After their speeches, zoo staff brought out buckets of frozen blood for the tigers to play with. Except for me and some staff nobody stayed to watch. Nobody had time for the live tigers. The meeting broke for lunch and was supposed to reconvene at the World Bank that afternoon, but hardly anyone outside of the NGO world bothered with the second meeting. Zoellick was not there. The movie stars were gone. No reporters showed up. Expert after expert talked about declines, about cornerstone species, keystone species, umbrella species. The need for “tiger landscapes” and how protecting the tiger helps every species in its range. But then a senior World Bank official, contravening his boss, told the room the World Bank could not legally fund law enforcement. A few months later I traveled to Sumatra where a wildlife trader there said to me, “You want to protect the tiger? Let one go in your neighborhood and see who will protect it. If you want to protect the tiger you must give me a reason to save it.”

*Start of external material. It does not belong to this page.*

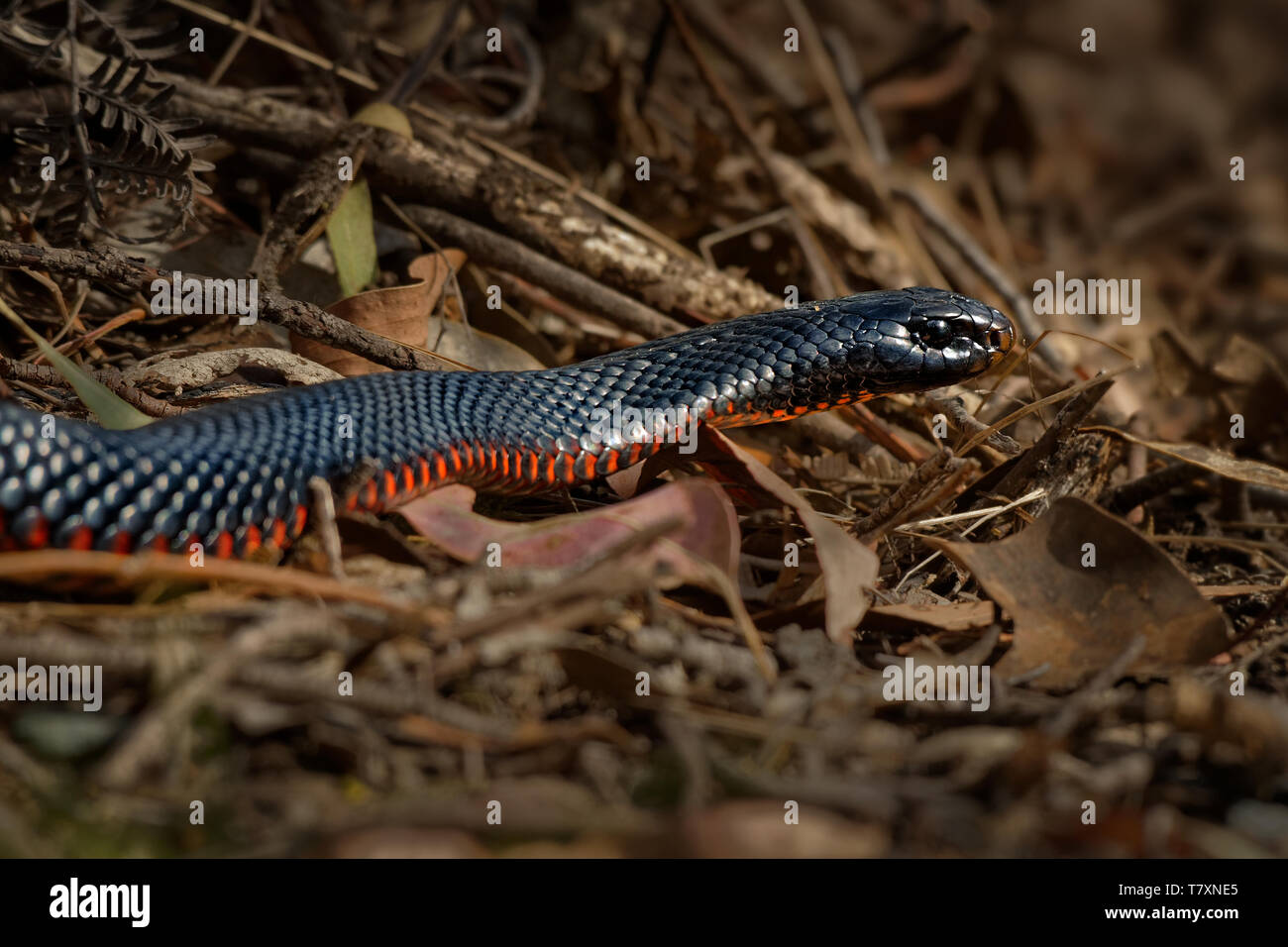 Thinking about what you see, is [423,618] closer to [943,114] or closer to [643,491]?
[643,491]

This month’s Tiger Summit has resulted in endorsement of a Global Tiger Recovery Program whose goal includes doubling the number of wild tigers by 2022. Without concrete benchmarks, that goal is fluff. Still, at the rate the group is going it should not be difficult to double the tiger population. In 2008 the group estimated the wild tiger population to be “around 4000.” This year they’re saying “about 3200.” The numbers get smaller every meeting. Keep that in mind because leaders this week could not decide how to parcel out the money, so they’ve agreed to four more meetings next year…
Wildlife trafficking may be the only area of major crime in the world where we let non-governmental organizations, individuals, and celebrities set international policy, funding, and enforcement priorities. It’s one thing if this were a supplement to existing law enforcement, but with few exceptions it’s not.